Hijrah mengajarkan pada kita bahwa menegakkan kebenaran perlu tempat yang subur. Yang kondusif. Setelah kondusif, lalu susun kekuatan, rapatkan barisan, kemudian taklukkan. Itulah yang kemudian kita saksikan dengan Fathu Makkah: membebaskan kembali Kota Makkah. Dari Madinah!.

Sesungguhnya bumi Allah itu luas. Para nabi punya tradisi hijrah. Misalnya saja, Nabi Ibrahim, Nabi Musa, Nabi Isa, semuanya berhijrah. Bahkan, yang sangat fenomenal adalah hijrahnya Ibrahim dan keluarga dari Mesopotamia menuju ke lembah Bakkah (Makkah). Di sanalah kemudian Ibrahim dan putranya, Ismail, membangun peradaban baru. Meninggikan lagi fondasi bangunan Ka’bah dan dari sanalah Peradaban Dunia memancar abadi hingga Hari Akhir.

Itulah mengapa Allah kemudian memuji orang-orang mau berhijrah dan melakukan perubahan ke arah yang positif.

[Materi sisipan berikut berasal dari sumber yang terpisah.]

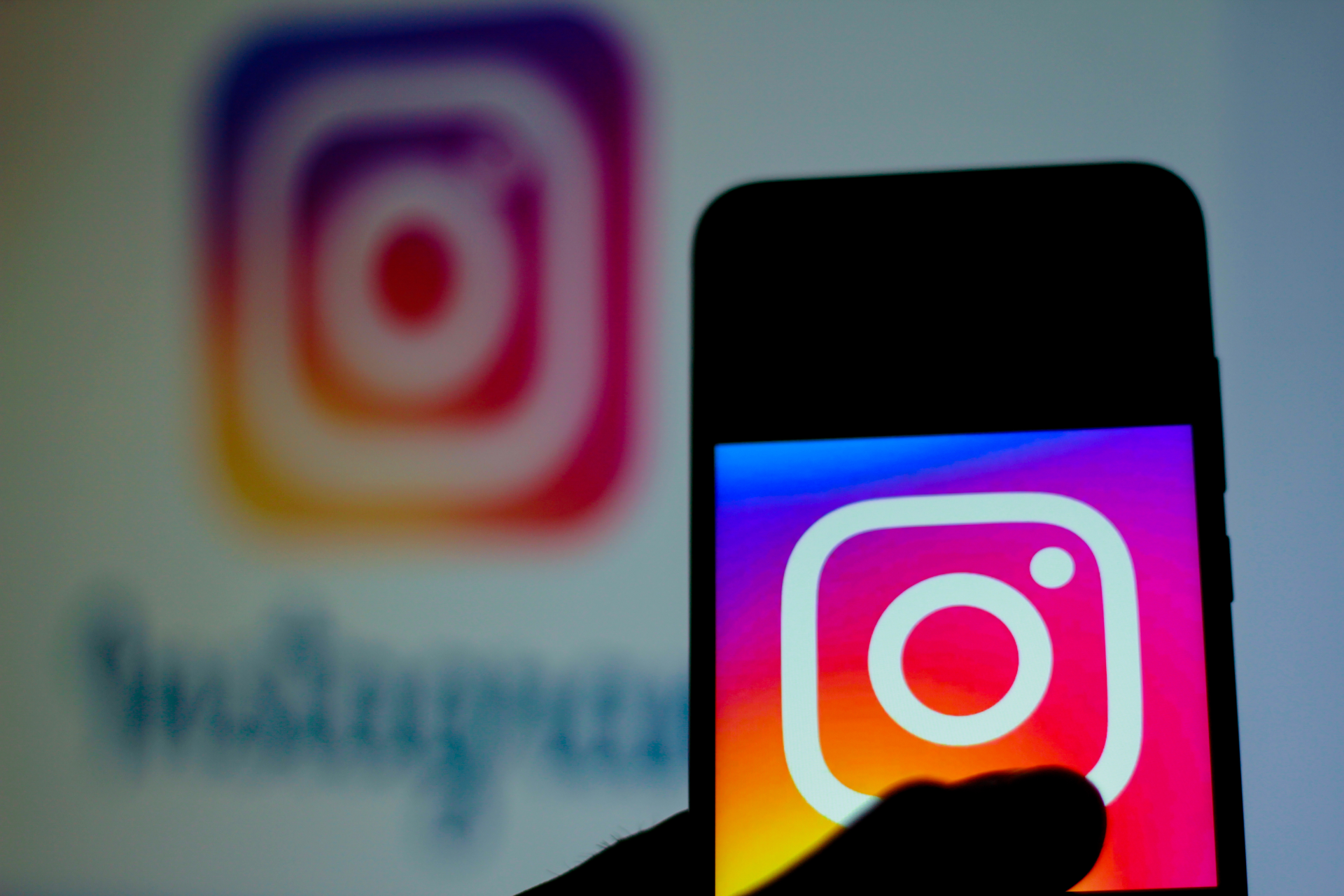 Person holding smartphone showing Instagram logo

وَمَن یُهَاجِرۡ فِی سَبِیلِ ٱللَّهِ یَجِدۡ فِی ٱلۡأَرۡضِ مُرَ ٰ⁠غَمࣰا كَثِیرࣰا وَسَعَةࣰۚ وَمَن یَخۡرُجۡ مِنۢ بَیۡتِهِۦ مُهَاجِرًا إِلَى ٱللَّهِ وَرَسُولِهِۦ ثُمَّ یُدۡرِكۡهُ ٱلۡمَوۡتُ فَقَدۡ وَقَعَ أَجۡرُهُۥ عَلَى ٱللَّهِۗ وَكَانَ ٱللَّهُ غَفُورࣰا رَّحِیمࣰا)
[سورة النساء 100]

“Dan barangsiapa berhijrah di jalan Allah, niscaya mereka akan mendapatkan di bumi ini tempat hijrah yang luas dan (rezeki) yang banyak. Barangsiapa keluar dari rumahnya dengan maksud berhijrah karena Allah dan Rasul-Nya, kemudian kematian menimpanya (sebelum sampai ke tempat yang dituju), maka sungguh, pahalanya telah ditetapkan di sisi Allah. Dan Allah Maha Pengampun, Maha Penyayang.”

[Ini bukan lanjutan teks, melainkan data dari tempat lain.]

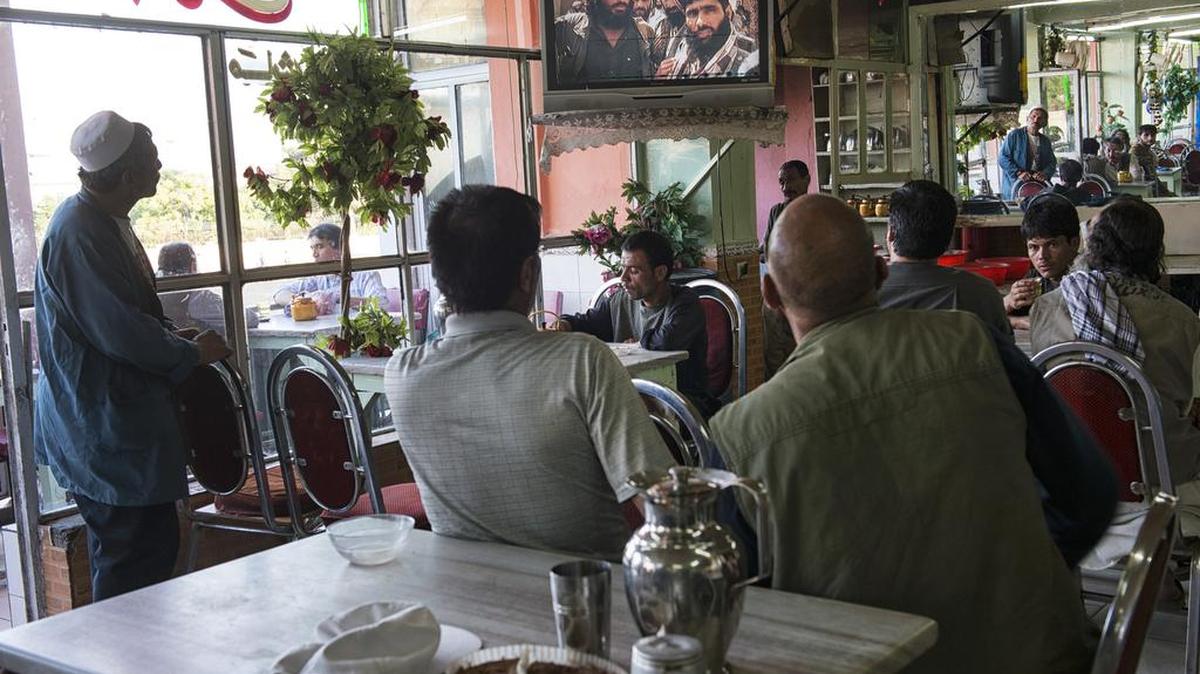 Afghans watch news coverage about peace talks between the Taliban and the Afghan government, at a cafe in Kabul in June 2013. Reports that the Afghan Taliban’s new leader, Akhtar Mohammad Mansour, has been shot in Pakistan in an internal dispute could complicate future peace talks.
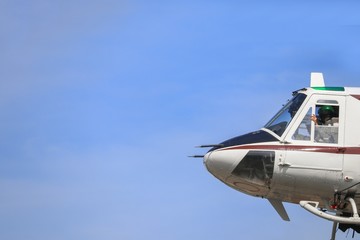 helicopter moving in blue sky with blur propeller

Berhijrah bukan sekedar momentum. Hijrah juga bukan sekedar peristiwa sejarah yang terjadi 14 abad lalu. Apalagi sekedar seremonial memperingatinya tiap tahun. Lebih dari itu, hijrah adalah spirit. Hijrah adalah sebuah komitmen. Inilah yang justru perlu terus dipupuk dan dipelihara dalam sanubari umat. Bukan seremonialnya semata!

Marilah terus berhijrah sepanjang masa. Lakukan perpindahan dari keadaan yang kurang baik menjadi lebih baik. Lakukan pergerakan dan strategi menuju kemenangan. Susun kekuatan dan rapatkan shaff serta konsolidasikan kekuatan umat untuk mengendalikan peradabannya sendiri. Karenanya, kerahkan segala daya upaya yang kita miliki untuk menghijrahkan diri, keluarga dan masyarakat menuju ketaatan total pada Allah dan Rasul-Nya.

Inilah saatnya memaknai Tahun Baru Hijriah sebagai: moving to the best, lilLaah.